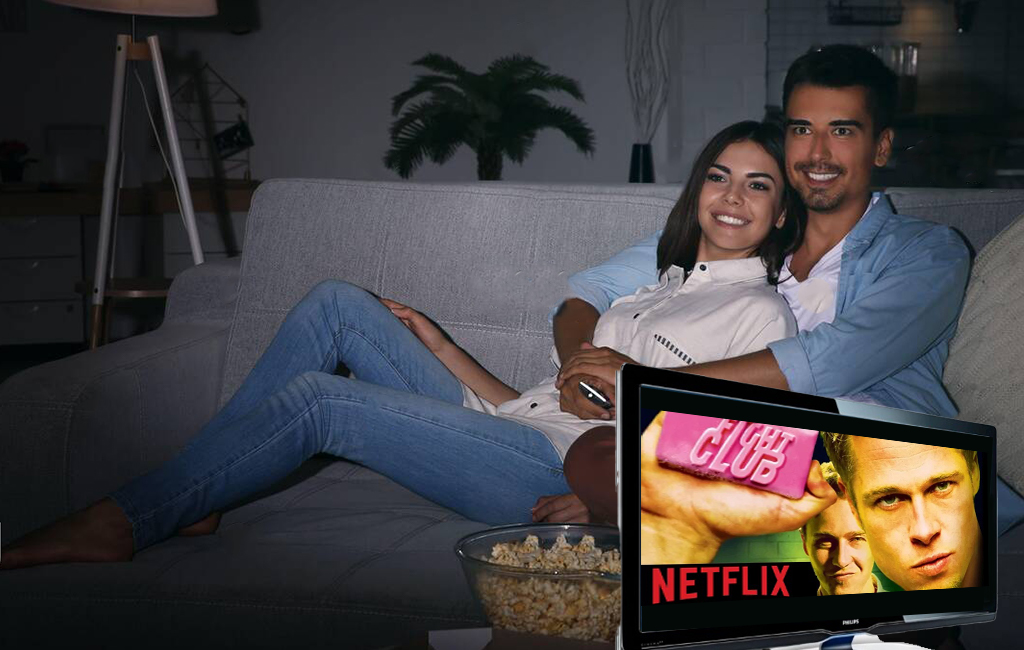 couple sitting on the couch watching netflix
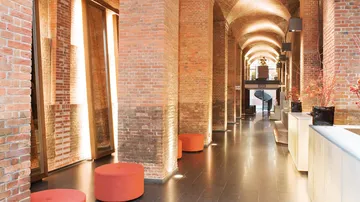 Moderner Lobbybereich mit Backsteinwänden, orange Sitzflächen.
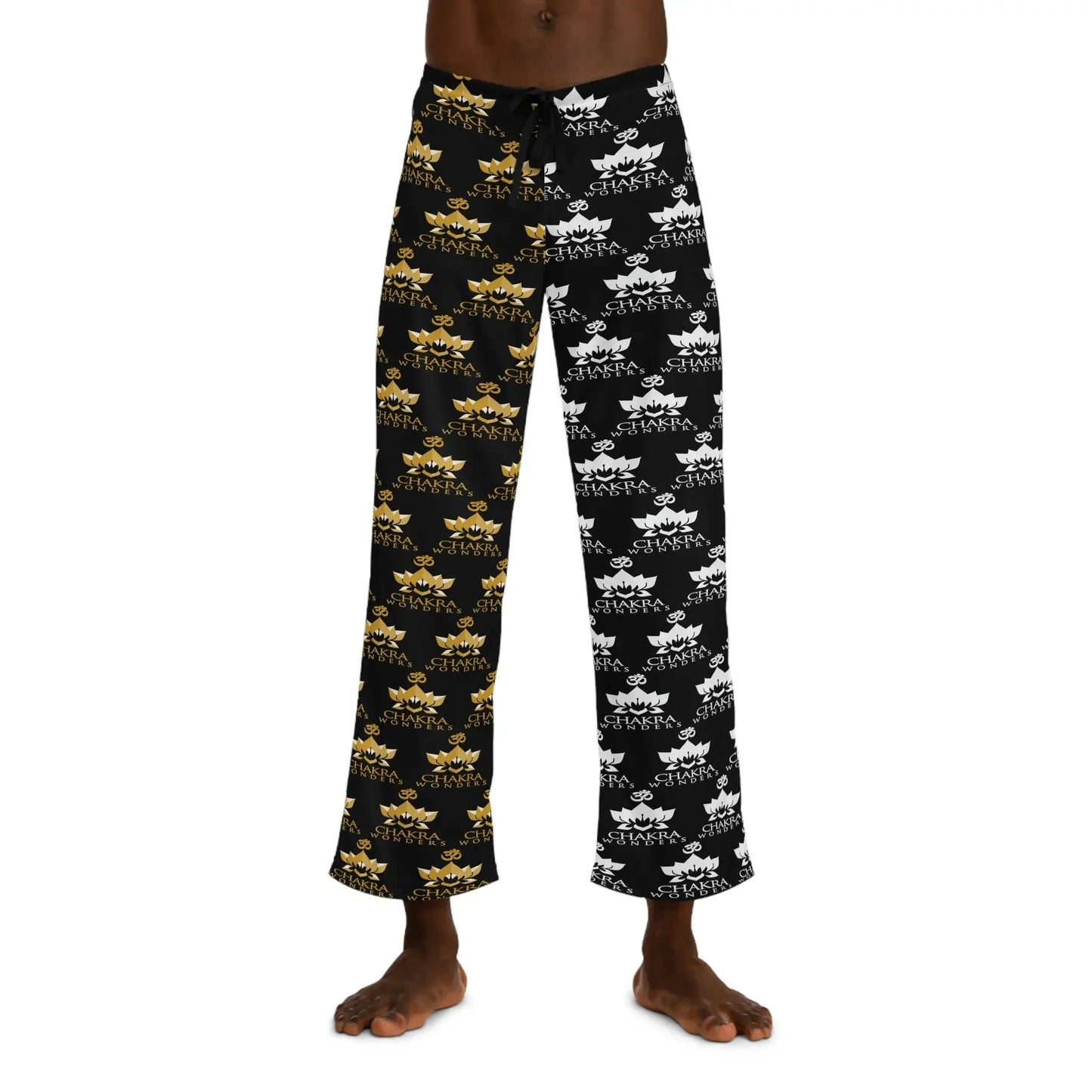 Black chakra pajama pants with gold and white lotus and om symbols, spiritual sleepwear for energy balance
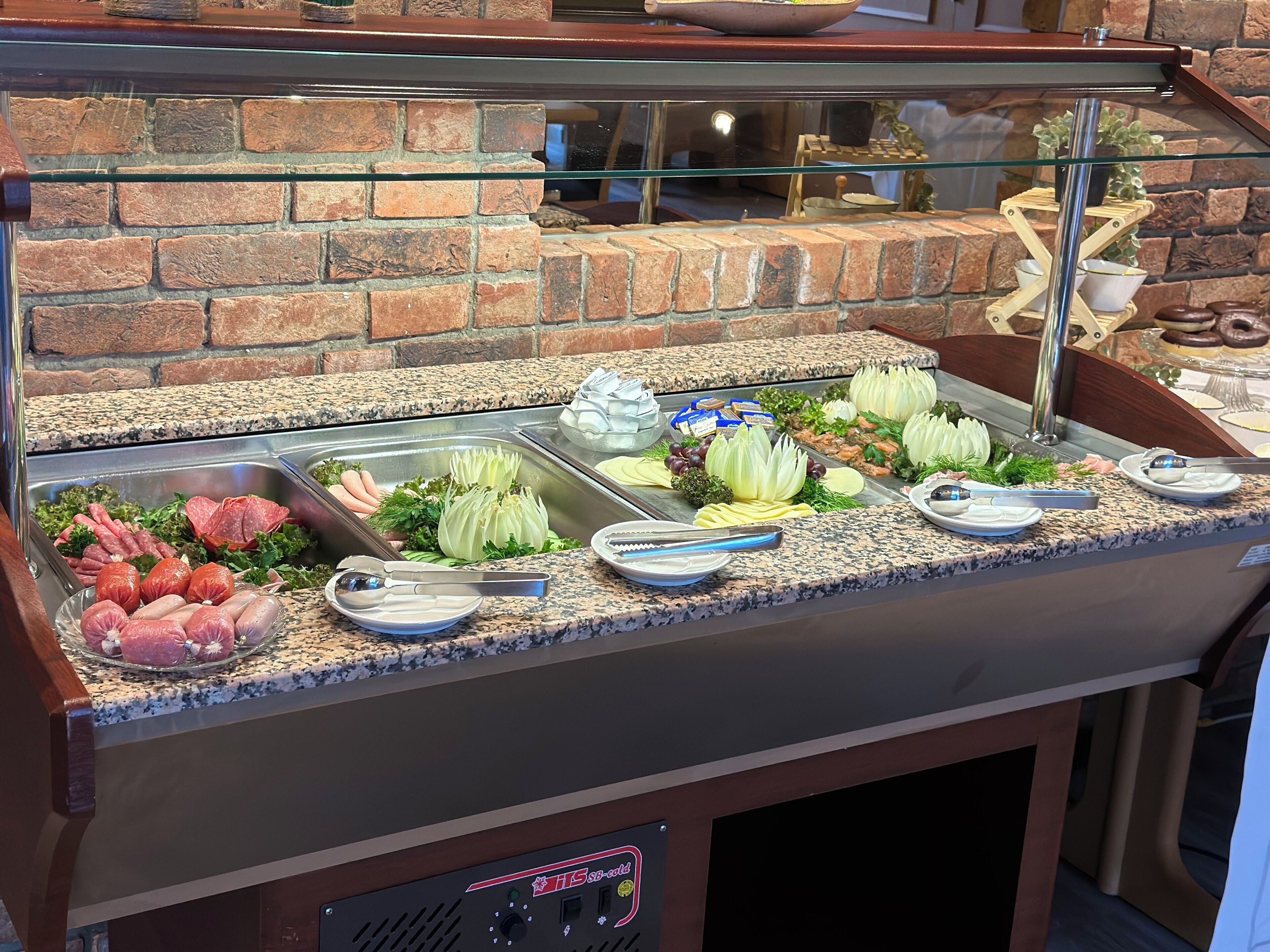 A buffet with various food options including meats, cheeses, and vegetables.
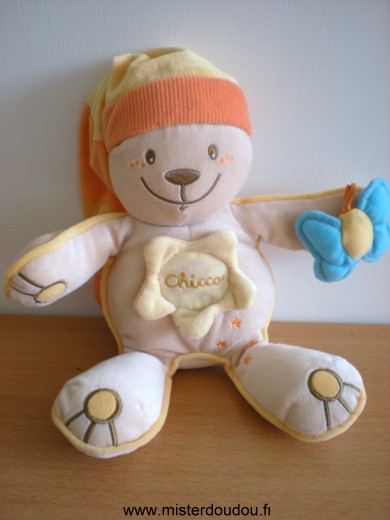 Doudou Ours Chicco Beige bonnet jaune orange papillon bleu sur la main 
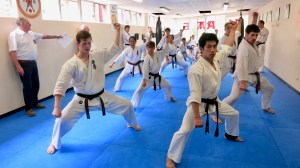 Sempai Jonathan and others performing kata in his Shodan grading.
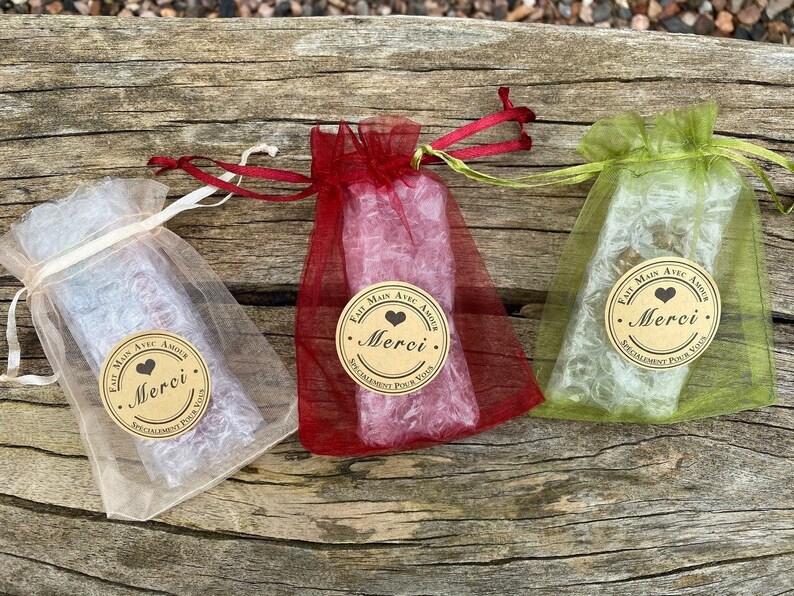 Puede incluir: Tres peque&ntilde;as bolsas de regalo hechas de tela transparente en rojo, verde y blanco. Cada bolsa tiene una etiqueta de papel marr&oacute;n con un coraz&oacute;n y el texto "Fait Main Avec Amour Merci. Specialement Pour Vous".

• • •

Exercise prompt >> Print every entry exactly as written, without the pictures.

Output for this task >>
 couple sitting on the couch watching netflix
 Moderner Lobbybereich mit Backsteinwänden, orange Sitzflächen.
 Black chakra pajama pants with gold and white lotus and om symbols, spiritual sleepwear for energy balance
 A buffet with various food options including meats, cheeses, and vegetables.
 Doudou Ours Chicco Beige bonnet jaune orange papillon bleu sur la main 
 Sempai Jonathan and others performing kata in his Shodan grading.
 Puede incluir: Tres peque&ntilde;as bolsas de regalo hechas de tela transparente en rojo, verde y blanco. Cada bolsa tiene una etiqueta de papel marr&oacute;n con un coraz&oacute;n y el texto "Fait Main Avec Amour Merci. Specialement Pour Vous".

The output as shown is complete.